Campaign Promises

Other/Miscellaneous -> Independent Organizations -> CFTC


ItemIndependent Organizations
CFTCGrade
IO-1
The Promise: "Current loopholes in Commodity Futures Trading Commission regulations have contributed to the skyrocketing price of oil on world markets...will enact simple legislation to close these loopholes and increase transparency on the market to help bring oil prices down and prevent traders from unfairly lining their pockets at the expense of the American people."
When/Where: Obama-Biden Plan: "New Energy for America" dated 09/06/08.
Source: http://energy.gov/sites/prod/files/edg/media/Obama_New_Energy_0804.pdf
Status:In CY2008, oil prices skyrockted to over $147 per barrel.
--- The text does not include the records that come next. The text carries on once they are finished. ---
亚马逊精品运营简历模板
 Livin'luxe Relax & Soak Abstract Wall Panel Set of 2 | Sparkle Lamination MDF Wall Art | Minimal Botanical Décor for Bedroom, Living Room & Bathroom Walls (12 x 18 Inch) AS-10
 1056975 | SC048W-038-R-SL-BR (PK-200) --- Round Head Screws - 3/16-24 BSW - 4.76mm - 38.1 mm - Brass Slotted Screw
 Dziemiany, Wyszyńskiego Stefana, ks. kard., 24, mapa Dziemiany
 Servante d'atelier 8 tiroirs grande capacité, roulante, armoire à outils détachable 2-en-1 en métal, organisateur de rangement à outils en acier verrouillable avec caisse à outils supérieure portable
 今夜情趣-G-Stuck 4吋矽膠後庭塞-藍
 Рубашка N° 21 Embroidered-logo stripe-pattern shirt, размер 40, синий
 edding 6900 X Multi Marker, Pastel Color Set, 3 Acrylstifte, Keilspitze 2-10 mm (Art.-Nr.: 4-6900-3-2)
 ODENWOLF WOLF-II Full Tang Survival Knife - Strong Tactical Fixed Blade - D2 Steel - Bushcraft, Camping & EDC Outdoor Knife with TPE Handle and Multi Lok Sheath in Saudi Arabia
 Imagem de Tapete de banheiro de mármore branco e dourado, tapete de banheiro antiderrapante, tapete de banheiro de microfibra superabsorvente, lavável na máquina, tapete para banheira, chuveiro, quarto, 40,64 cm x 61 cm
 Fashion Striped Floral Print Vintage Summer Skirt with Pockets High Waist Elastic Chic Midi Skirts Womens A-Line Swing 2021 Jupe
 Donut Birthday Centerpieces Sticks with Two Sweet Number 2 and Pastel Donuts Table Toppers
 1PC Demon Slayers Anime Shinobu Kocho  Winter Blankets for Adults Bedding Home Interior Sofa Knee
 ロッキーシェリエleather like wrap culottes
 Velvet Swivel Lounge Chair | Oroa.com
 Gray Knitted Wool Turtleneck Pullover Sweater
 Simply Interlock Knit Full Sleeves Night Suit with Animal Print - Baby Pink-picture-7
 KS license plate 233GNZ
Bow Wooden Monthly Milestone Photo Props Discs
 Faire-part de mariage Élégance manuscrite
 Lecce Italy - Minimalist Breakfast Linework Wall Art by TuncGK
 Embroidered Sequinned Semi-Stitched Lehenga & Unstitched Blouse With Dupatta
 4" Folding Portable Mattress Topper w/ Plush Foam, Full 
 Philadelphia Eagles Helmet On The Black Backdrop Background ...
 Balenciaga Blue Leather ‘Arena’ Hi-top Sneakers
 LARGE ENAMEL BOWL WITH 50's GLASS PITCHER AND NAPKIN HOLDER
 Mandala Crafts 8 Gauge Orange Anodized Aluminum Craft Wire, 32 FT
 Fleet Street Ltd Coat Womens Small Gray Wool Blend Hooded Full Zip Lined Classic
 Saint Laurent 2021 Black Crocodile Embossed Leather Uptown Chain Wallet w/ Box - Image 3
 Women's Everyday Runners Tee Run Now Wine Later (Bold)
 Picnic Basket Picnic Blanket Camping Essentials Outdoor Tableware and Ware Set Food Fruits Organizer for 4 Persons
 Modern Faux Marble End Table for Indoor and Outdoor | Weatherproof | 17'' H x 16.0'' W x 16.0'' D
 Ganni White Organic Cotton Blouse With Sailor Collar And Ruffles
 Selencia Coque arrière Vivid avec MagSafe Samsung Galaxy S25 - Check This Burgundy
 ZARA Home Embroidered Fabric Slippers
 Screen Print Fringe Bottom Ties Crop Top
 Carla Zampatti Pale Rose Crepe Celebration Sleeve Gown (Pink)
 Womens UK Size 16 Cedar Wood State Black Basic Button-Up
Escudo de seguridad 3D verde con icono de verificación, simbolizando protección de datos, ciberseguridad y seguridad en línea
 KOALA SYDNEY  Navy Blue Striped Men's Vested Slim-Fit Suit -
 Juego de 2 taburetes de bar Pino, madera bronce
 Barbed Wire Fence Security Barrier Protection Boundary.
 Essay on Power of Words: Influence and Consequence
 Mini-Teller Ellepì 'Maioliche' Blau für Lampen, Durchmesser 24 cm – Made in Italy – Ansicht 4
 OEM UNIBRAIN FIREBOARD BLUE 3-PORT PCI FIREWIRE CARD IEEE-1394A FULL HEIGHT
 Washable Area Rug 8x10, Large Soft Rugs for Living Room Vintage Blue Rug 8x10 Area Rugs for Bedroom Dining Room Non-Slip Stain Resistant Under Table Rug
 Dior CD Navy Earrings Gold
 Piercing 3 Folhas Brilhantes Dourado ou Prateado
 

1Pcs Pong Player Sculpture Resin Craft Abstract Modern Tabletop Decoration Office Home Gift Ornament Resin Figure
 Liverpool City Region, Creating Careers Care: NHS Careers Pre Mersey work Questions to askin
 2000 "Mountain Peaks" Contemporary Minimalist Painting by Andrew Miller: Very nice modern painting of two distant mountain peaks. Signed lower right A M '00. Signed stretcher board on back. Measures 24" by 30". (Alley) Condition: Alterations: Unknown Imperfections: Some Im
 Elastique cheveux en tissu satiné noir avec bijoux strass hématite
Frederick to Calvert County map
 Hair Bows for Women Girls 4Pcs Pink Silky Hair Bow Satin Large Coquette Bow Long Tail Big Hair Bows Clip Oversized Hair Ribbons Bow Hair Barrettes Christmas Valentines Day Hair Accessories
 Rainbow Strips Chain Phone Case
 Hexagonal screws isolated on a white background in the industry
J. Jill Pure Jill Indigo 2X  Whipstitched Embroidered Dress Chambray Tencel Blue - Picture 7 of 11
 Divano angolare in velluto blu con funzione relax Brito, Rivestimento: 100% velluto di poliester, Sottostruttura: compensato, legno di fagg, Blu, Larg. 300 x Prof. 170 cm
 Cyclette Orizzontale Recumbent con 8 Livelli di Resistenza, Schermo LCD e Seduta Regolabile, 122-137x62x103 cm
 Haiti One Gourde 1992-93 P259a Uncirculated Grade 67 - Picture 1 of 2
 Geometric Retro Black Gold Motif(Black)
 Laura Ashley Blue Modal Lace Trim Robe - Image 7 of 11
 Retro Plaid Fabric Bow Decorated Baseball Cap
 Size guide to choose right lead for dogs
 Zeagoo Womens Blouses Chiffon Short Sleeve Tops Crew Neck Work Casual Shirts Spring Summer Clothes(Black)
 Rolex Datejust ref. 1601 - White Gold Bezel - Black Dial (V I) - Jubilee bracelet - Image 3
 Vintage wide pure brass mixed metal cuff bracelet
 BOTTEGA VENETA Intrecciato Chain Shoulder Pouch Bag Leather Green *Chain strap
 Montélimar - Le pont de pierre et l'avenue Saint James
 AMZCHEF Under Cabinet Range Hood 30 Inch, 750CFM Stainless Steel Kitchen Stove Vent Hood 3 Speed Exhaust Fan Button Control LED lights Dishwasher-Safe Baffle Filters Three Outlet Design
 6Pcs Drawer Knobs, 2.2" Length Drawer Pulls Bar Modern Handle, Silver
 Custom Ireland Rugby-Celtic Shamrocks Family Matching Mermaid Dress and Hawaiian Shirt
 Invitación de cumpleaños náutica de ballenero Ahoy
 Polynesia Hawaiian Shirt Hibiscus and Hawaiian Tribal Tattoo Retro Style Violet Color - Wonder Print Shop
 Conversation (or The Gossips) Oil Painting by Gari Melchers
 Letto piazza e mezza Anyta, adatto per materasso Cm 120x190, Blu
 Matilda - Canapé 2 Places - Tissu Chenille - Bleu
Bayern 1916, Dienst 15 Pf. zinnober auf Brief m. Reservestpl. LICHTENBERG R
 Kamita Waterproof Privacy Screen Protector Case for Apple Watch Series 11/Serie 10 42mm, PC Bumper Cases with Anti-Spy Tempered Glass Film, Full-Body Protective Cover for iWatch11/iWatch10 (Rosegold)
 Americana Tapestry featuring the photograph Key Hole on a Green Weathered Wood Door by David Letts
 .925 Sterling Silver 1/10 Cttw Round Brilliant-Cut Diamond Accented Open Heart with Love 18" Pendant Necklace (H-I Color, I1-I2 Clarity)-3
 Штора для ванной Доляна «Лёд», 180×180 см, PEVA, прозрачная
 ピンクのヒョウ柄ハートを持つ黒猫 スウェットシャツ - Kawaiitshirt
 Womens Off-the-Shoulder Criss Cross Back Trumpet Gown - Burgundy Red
To mitigate the potential repeat of the CY2008 situation, the Commodity Futures Trading Commission (CFTC) released a proposal on 01/14/10 to cap the number of contracts the 10 largest position holders can hold in all markets.

Under Section 737 of the Dodd-Frank Wall Street Reform and Consumer Protection Act (aka "Financial Reform Bill") signed into law by President Obama on 07/21/10, the CFTC is bound to "establish limits (including related hedge exemption provisions) on the aggregate number or amount of positions in contracts based upon the same underlying commodity (as defined by the Commission) that may be held by any person, including any group or class of traders..."

This initiative to close the oil-related loopholes would extend the CFTC's authority to the over-the-counter market for the first time in over 30 years.

This promise to enact legislation designed to close the stated loophole has been fulfilled.